The route to that exit takes on an awkward structure, with historical markers (“China”, “Moscow”, “The Press”) slipped in between recordings of Nixon complaining to the usual minions — Haldeman, Erlichman, Kissinger, Butterfield, and Haig — sometimes about one of them to another. (The film notes as well that only a few of these visitors to the Oval Office were aware of the taping system.)
The effect of this arrangement is at once predictable and jarring, Nixon’s personal brutalities laid alongside his public achievements. “If you listen to all of it,” John Erlichmsn says early in the movie, you’ll see “The strangest collection the strangest paradoxical combination of any man I ever heard of.” This sounds likely, but of course Nixon by Nixon is not “all of it”, but selections from the 3,700 hours of secret recordings now available. And so, while the picture it provides is certainly strange and paradoxical, it is also limited.

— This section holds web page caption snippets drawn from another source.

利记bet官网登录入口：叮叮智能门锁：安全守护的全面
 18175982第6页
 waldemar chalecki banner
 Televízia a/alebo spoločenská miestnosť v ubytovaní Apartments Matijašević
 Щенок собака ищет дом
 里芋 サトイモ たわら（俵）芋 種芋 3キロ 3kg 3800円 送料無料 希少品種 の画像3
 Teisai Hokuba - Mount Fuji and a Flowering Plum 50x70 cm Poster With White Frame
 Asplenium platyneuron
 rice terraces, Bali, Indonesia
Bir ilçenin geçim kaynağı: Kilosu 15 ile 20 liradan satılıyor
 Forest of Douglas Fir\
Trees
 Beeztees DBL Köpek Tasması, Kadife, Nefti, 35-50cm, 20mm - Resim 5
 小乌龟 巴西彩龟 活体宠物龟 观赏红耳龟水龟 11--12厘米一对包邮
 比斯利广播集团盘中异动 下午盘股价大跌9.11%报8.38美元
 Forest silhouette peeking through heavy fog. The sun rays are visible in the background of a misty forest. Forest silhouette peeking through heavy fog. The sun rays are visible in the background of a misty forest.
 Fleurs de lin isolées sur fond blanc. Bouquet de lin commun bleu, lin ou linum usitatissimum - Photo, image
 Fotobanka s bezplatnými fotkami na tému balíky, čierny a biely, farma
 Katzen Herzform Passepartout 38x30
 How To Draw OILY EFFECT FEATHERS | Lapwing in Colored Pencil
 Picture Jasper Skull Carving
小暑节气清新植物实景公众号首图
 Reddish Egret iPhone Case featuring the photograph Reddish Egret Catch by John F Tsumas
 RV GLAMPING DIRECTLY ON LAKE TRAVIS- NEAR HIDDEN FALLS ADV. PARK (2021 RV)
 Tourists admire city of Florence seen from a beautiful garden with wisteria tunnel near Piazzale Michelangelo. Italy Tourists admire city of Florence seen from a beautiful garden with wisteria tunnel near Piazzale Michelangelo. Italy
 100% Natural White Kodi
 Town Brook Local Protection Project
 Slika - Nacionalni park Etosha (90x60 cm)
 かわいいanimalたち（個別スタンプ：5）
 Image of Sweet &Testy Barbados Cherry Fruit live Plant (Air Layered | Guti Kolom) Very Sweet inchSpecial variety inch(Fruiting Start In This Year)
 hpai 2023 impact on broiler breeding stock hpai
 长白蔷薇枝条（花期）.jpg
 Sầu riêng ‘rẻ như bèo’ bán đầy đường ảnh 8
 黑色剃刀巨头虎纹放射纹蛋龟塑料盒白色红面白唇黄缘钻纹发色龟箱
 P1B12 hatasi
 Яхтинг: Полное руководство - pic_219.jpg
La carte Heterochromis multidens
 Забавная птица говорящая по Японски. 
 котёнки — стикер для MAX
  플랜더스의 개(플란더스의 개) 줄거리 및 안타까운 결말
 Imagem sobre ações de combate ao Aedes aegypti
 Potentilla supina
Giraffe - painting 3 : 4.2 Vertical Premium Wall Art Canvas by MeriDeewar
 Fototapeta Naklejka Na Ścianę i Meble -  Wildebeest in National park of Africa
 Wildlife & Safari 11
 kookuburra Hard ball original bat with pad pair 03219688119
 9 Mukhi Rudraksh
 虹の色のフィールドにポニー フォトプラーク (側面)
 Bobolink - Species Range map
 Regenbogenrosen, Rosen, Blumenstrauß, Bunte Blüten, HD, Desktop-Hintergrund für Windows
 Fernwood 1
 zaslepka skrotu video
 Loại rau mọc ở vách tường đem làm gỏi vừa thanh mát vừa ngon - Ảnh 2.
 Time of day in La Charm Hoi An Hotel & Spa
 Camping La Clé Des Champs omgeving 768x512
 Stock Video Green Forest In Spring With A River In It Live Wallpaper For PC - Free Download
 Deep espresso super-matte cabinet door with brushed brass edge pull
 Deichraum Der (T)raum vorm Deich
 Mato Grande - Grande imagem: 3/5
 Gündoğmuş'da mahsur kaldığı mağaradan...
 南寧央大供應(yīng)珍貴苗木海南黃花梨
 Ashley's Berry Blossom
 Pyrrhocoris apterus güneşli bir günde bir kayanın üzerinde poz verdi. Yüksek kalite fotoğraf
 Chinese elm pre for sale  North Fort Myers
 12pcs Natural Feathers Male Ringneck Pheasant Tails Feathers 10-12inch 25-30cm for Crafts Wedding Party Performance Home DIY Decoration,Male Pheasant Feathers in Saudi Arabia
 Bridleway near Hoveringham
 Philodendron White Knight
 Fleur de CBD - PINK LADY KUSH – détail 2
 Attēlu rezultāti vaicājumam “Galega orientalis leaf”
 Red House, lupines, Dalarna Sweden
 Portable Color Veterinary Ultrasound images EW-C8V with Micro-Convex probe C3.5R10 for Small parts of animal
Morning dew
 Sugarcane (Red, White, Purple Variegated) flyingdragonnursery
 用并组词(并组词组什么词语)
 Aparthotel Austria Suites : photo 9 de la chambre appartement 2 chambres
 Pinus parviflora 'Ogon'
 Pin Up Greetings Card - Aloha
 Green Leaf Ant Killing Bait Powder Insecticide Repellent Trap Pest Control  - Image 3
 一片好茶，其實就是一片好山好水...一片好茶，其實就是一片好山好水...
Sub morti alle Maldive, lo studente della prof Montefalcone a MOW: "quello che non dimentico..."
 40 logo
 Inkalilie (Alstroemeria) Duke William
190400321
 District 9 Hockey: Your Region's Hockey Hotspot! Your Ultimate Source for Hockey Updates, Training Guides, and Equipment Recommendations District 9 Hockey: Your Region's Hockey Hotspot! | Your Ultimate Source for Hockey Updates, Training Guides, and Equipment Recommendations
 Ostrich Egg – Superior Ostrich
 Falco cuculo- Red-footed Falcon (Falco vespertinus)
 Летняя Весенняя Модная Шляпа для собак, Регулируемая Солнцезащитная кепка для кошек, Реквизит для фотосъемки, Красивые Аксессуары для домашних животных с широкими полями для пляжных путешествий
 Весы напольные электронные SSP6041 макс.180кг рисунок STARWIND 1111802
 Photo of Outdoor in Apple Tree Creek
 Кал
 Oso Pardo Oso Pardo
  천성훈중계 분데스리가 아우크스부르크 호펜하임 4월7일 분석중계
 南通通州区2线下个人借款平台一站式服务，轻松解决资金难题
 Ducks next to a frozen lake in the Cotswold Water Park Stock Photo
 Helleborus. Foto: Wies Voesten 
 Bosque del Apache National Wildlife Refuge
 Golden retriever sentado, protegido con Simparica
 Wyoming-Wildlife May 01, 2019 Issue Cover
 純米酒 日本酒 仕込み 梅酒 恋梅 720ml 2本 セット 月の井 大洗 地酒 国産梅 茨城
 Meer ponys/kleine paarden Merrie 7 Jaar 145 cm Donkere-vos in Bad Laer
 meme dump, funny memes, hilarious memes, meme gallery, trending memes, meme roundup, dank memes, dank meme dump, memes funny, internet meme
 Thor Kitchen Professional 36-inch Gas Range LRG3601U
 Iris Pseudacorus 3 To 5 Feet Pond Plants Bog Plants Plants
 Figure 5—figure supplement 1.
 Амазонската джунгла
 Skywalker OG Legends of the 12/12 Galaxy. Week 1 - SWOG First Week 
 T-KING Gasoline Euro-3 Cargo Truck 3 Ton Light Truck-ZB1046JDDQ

That picture emerges in a series of juxtapositions, each clearly condemning Nixon. He wants to control his public image and yet, he insists, “we were obsessed with secrecy”, as if his obsession was everyone’s, even in the White House. He’s set against the press, in the form of several reporters he names, and in Daniel Schorr, who testifies here before Congress regarding the FBI investigation into his background. “The administration has set the country against us,” Schorr says in archival footage, “If they discredit the press, then it doesn’t matter much more what they say.”
Here and elsewhere Nixon by Nixon complicates its title, in the sense that it’s not only an indictment of the president “in his own words,” but also, a rendering of how he did himself in by his own actions and assertions. Cut to an interview with Dan Rather, who wonders aloud about Nixon’s perceived lack of “personal warmth and compassion.” “My strong point is not rhetoric, not showmanship, not big promises,” Nixon submits. It is instead, he insists, his “performance” in office.
And so, the contradictions are at once clear and covered over. They emerge again in Nixon’s desperate search for a precisely timed end to the war in Vietnam, so as to ensure his reelection and somehow accommodate the preposterous claim to Peace with Honor. In conversation after conversation about the war, his voice indicates frustration with Haldeman, Admiral Thomas Moorer (chairman of the Joint Chiefs of Staff, whom he instructed, “I want the military to shape up!”), and Henry Kissinger. During several of these discussions, the film shows bombing footage accompanied by melancholy strings.
Such images — critical of policy and personalities in their own way — lead eventually to the infamous scene at the White House when Nixon introduced the Ray Conniff Singers (“If the music is square, it’s because I like it square,” Nixon smiles broadly on TV), only to be horrified when one of the singers held up a sign calling for an end to the bombing and made a brief statement: “President Nixon, stop bombing human beings, animals and vegetation. Bless the Berrigans and bless Daniel Ellsberg.” And with that, the Singers start singing.
Cut to a shot of Nixon, smiling as he talks on the phone, with subtitles along with the tape of his conversation with John Mitchell: “Wasn’t that the goddamndest thing you ever saw?” As Mitchell mutters along in agreement at the president’s upset, Nixon calls her “way out, probably a Communist. But I don’t think it was an accident, I think it was a plant.” The camera pushes in on the smiling Nixon photo, then dissolves to a reel-to-reel recorder, spinning. As the Secret Service looks into her background, he says, “They are going to have to be sure we’re not persecuting the bitch.”
By this point, you’re aware that Nixon by Nixon is unable to represent either the “historical record” of Nixon’s imagination or Erlichman’s “strangest paradoxical combination.” And so Nixon remains elusive, a puzzle for his era and his legacy.